Lecture Descriptions

Developing complex workflows that integrate HPC, Artificial Intelligence and Data analytics by Rosa M. Badía

The evolution of High-Performance Computing (HPC) systems towards every-time more complex machines is opening the opportunity of hosting larger and heterogeneous applications. In this sense, the demand for developing applications that are not purely HPC, but that combine aspects or Artifical Intelligence and or Data analytics is every time more common. However, there is a lack of environments that support the development of these complex workflows. The project will present PyCOMPSs, a parallel task-based programming in Python. Based on simple annotations, sequential Python programs can be executed in parallel in HPC-clusters and other distributed infrastructures. PyCOMPSs has been extended to support tasks that invoke HPC applications and can be combined with Artificial Intelligence and Data analytics frameworks. Some of these extensions are made in the framework of the eFlows4HPC project, which in addition is developing the HPC Workflows as a Service methodology to make it easier the development, deployment, execution and reuse of workflows. The lesson will present the current status of the PyCOMPSs programming model and how it is being extended in the eFlows4HPC project towards the project needs. Also, the HPCWaaS methodology will be introduced.

Specializing Processors for ML by Luca Benini

Specializing Processors for ML - Topics covered: ML workload analysis and key requirements. Classical instruction set architectures (ISAs) limitations for ML. ISA Extensions for ML- Micro-architecture of ML-specialized cores. PPA (power performance area) optimization. Energy efficiency analysis.

From Single to Multi-Core Heterogeneous SoCs for ML by Luca Benini

From Single to Multi-Core Heterogeneous SoCs for ML - Topics covered: Low-Power Multi-core ML SoCs architecture. Improving efficiency, PPA. Integration of cores and Hardwired ML accelerators. Memory hierarchy challenges and solutions.

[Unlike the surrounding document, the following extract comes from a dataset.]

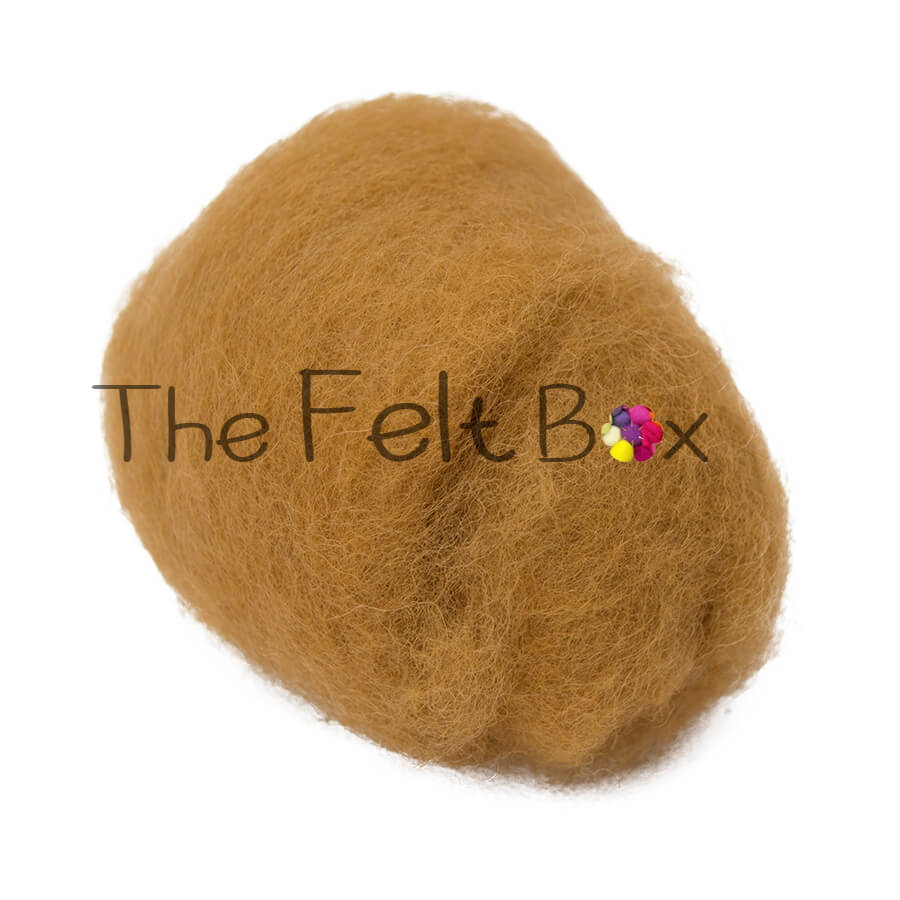 Carded Wool For Felting, Needle Felting Batting, Caramel  ( 22 )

Scaling up ML Hardware Architectures by Luca Benini

Scaling up ML Hardware Architectures - Topics Covered: Heterogeneous Accelerators, Scalable Accelerators, Near-memory and In-memory architectures. Scaling beyond single die: Systems-in-package. Chiplets

Distributed Data Analytics in Supercomputing Systems: Theory by Josep Lluis Berral

Distribution of data processing is a requisite for modern analytics and machine learning applications, where High-Performance Data Analytics leverages from data/model parallelism frameworks, which, at the same time, can leverage from High Performance Computing infrastructures. This course introduces distributed analytics and streams, through frameworks like Apache Hadoop and Spark, along virtualization and containerization platforms that allow us to scale such frameworks in supercomputing environments

RISC-V Vector by Roger Ferrer and Jesús Labarta

  • Course Intro
  • Vectorization with the RISC-V Vector Extension

The EPI project by Roger Ferrer and Jesús Labarta

  • The EPI project
  • Philosophy behind the EPAC RVV design
  • EPAC: overall design
  • Test chip and SDVs (description)

Software Development Vehicles by Roger Ferrer and Jesús Labarta

  • Vehave & MUSA. Presentation (model parameters, some results) and demo
  • SDV @ FPGA. Presentation. Demo of access and basic instrumentation and trace

Use case by Roger Ferrer and Jesús Labarta

  • Application analysis vectorization and optimization loop
  • Closure

Neuromorphic engineering for low-power edge intelligence by Charlotte Frenkel

The field of neuromorphic engineering aims at replicating the brain’s key organizing principles in silico toward order-of-magnitude efficiency improvements compared to current processor architectures. It is now included in worldwide research roadmaps, has seen a x10 increase in yearly research output over the last decade, and fuels interest from large industrial players as well as a flourishing landscape of new startups. As the field is not yet consolidated, a wide diversity of design approaches are still actively being explored. This lecture will start with an overview of the key trends in neuromorphic engineering. From brain-inspired computation and learning algorithms to digital architectures, this course will then show how neuromorphic hardware/algorithm co-design can best serve the development of low-power edge intelligence.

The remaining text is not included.